> [DIRECTIONS FOR THIS TASK]: The data must be given again exactly as written, with all images omitted.
Top of DATASET CONTENT
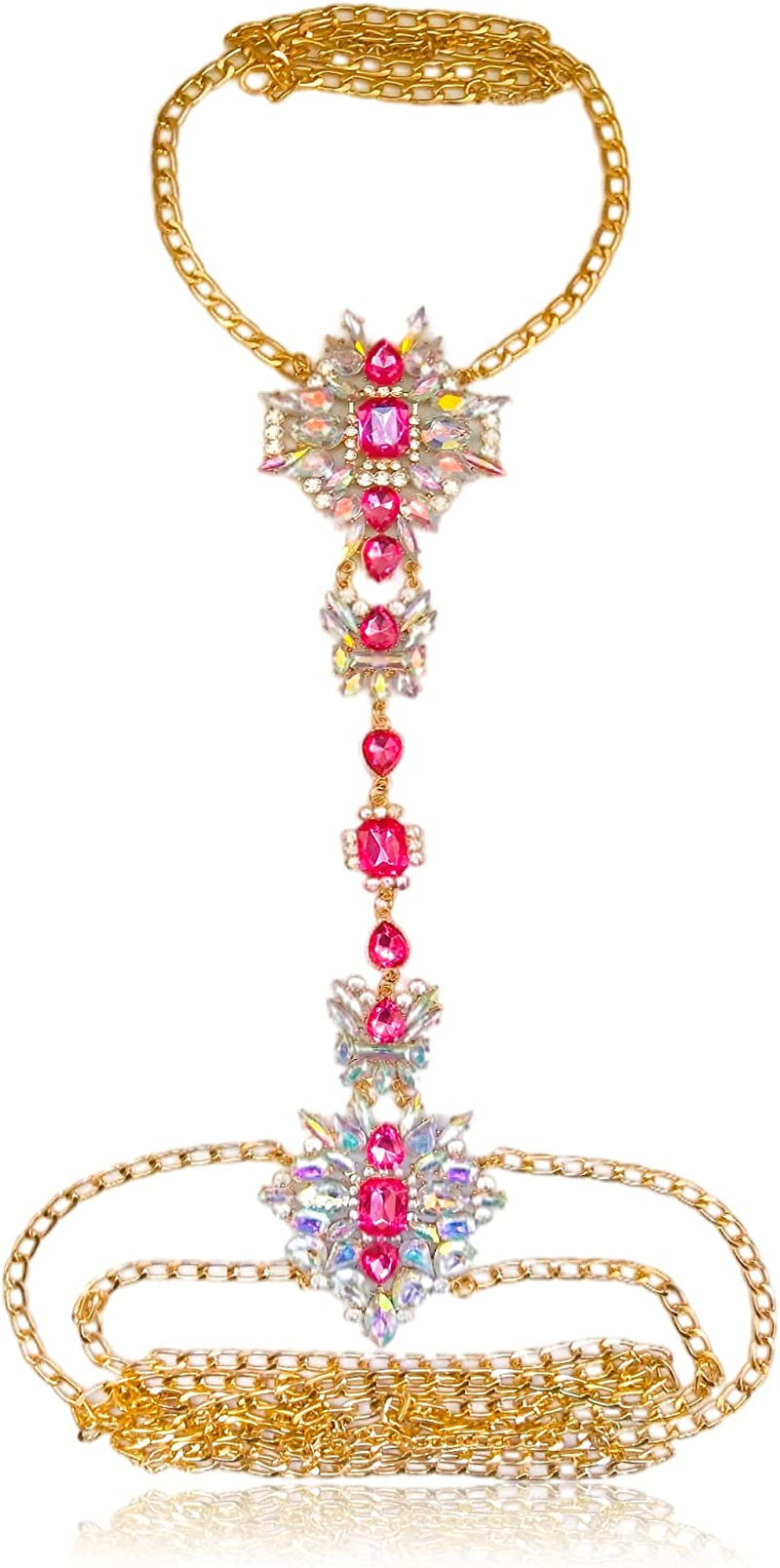 NABROJ Crystal Body Chains Jewelry for Women Sexy Rhinestone Bra plus Size Gold Waist Chest Chain -Shoulder Necklace Festival Body Chain Costume Jewelry Apparel & Accessories > Jewelry > Body Jewelry NABROJ STL01 Red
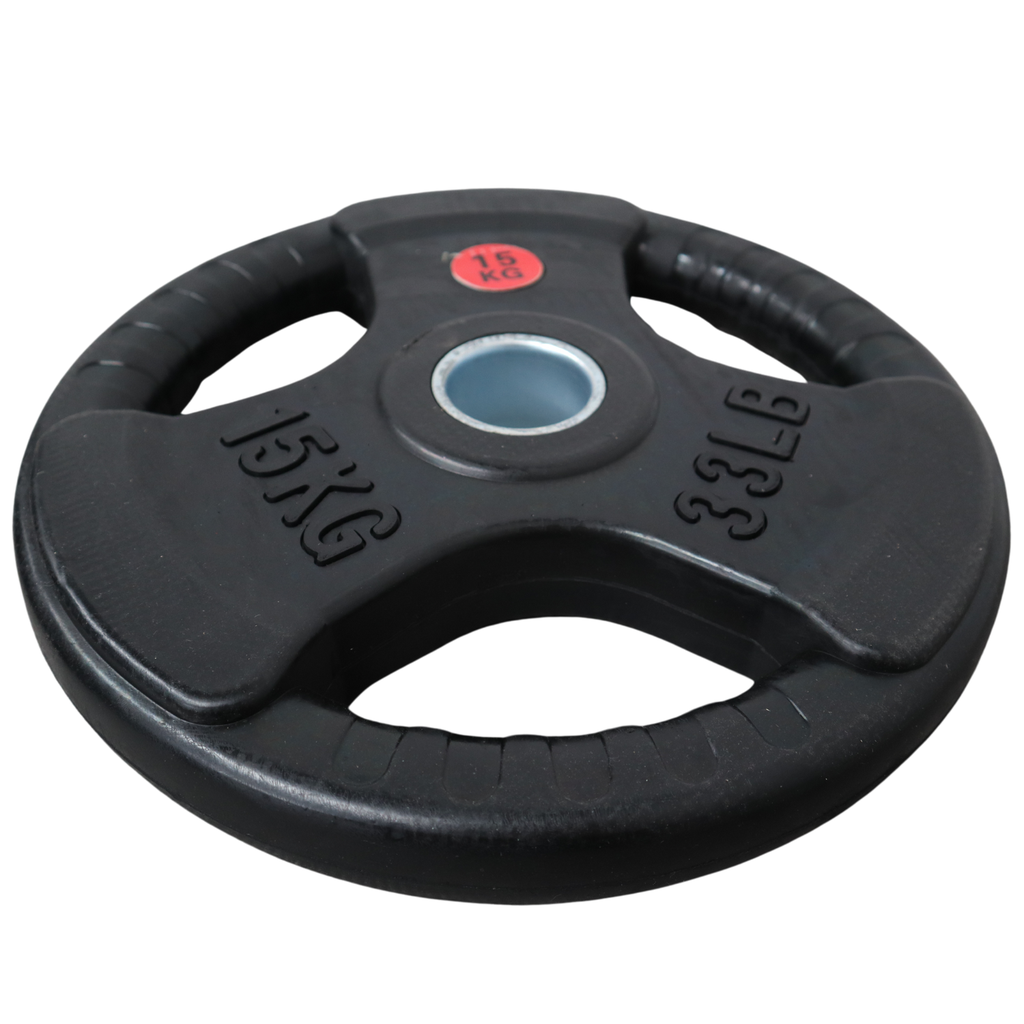 INFINITÉ DISCO OLIMPICO NEGRO FORRO DE GOMA 3 PERFORACIONES 15 KG/3-HOLES BLACK RUBBER  PLATE  15 KG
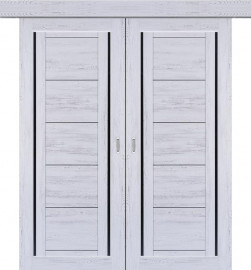 Межкомнатная дверь М-17 Граф белый КУПЕ  двухстворчатая V. Doors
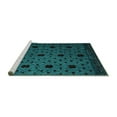 thumbnail image 2 of Ahgly Company Machine Washable Indoor Round Abstract Turquoise Blue Modern Area Rugs, 6' Round, 2 of 4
Bottom of DATASET CONTENT
> [YOUR SOLUTION]:
 NABROJ Crystal Body Chains Jewelry for Women Sexy Rhinestone Bra plus Size Gold Waist Chest Chain -Shoulder Necklace Festival Body Chain Costume Jewelry Apparel & Accessories > Jewelry > Body Jewelry NABROJ STL01 Red
 INFINITÉ DISCO OLIMPICO NEGRO FORRO DE GOMA 3 PERFORACIONES 15 KG/3-HOLES BLACK RUBBER  PLATE  15 KG
 Межкомнатная дверь М-17 Граф белый КУПЕ  двухстворчатая V. Doors
 thumbnail image 2 of Ahgly Company Machine Washable Indoor Round Abstract Turquoise Blue Modern Area Rugs, 6' Round, 2 of 4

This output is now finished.